Speaker promises proposal soon, says some elements will be phased in

THE PROSPECTS for passage of a new tax reform package gained momentum on Thursday as House Speaker Ron Mariano said the chamber will soon unveil a series of tax cuts, some of which will be phased in over several years.

In a speech to the Greater Boston Chamber of Commerce, Mariano provided few details on the contents of the tax reform package other than saying it would provide relief to “families, renters, and many of the Commonwealth’s most vulnerable residents, all while making Massachusetts more competitive with other states.”

Both the House and Senate passed tax reform legislation last year, but no consensus was reached between the two branches, largely because Mariano worried the state couldn’t afford it while complying with a 1986 tax cap law triggering $3 billion in rebates.

In his prepared remarks to the Chamber on Thursday, Mariano indicated he believes the state can now afford a tax relief package.

“In order to guarantee that this proposal does not jeopardize the long-term financial security of the Commonwealth, our tax relief package will propose phasing in several tax reforms over a multi-year period,” he said.

Gov.
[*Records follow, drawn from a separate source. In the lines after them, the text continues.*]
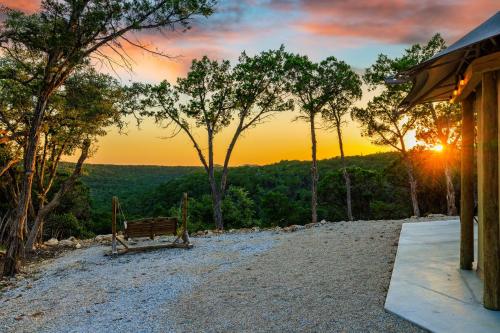 Love Shack at Mystic Hills Ranch in Fischer, USA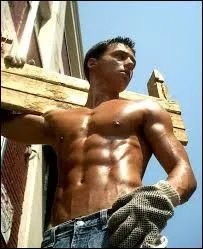 Parmi ces artisans, lequel n'a pas de rapport avec le bois ?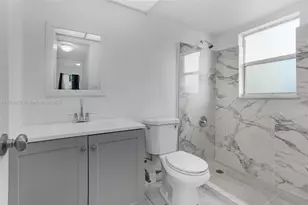 8000 N Sunrise Lakes Dr, Sunrise, FL 33322 - Photo 18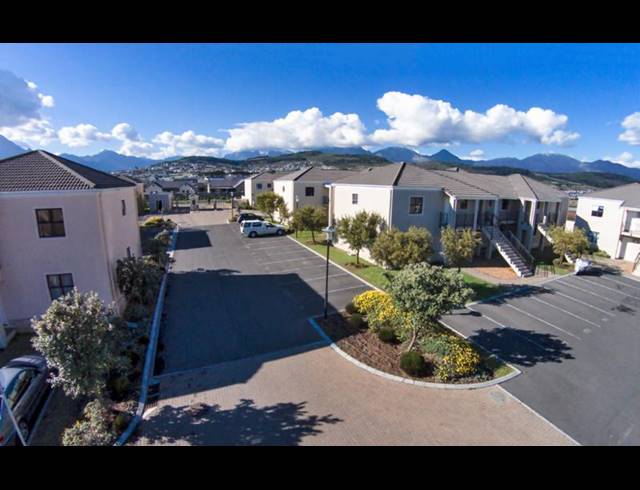 2 BEDROOM APARTMENT FOR SALE IN SOMERSET WEST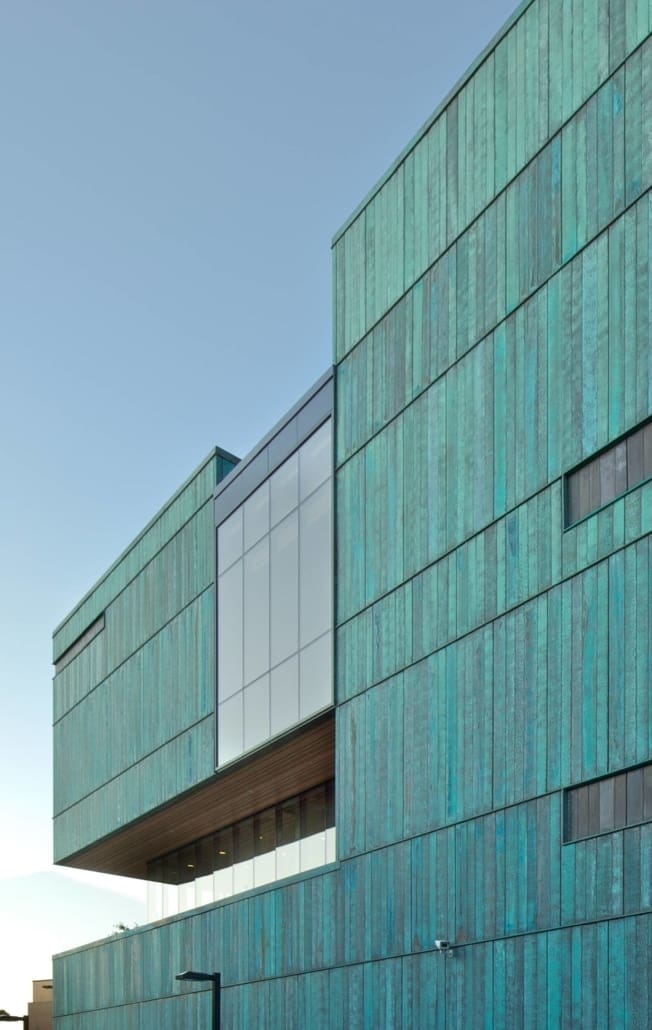 The Instructional Centre at The University of Toronto at Mississauga features Zahner's Star Blue pre-patinated copper surface.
Maura Healey has already proposed a tax relief proposal costing nearly $1 billion annually and providing tax relief to families with dependents, renters, and seniors. She also recommended an overhaul reducing the impact of the state’s estate tax and elimination of the higher tax on short-term capital gains.

The House last year proposed increasing the deduction renters can claim, the Earned Income Tax Credit, the state’s child and dependent tax credit, and the threshold of the estate tax. None of those measures moved forward after the economy shifted and the 1986 law reaquired the state to return $3 billion to taxpayers.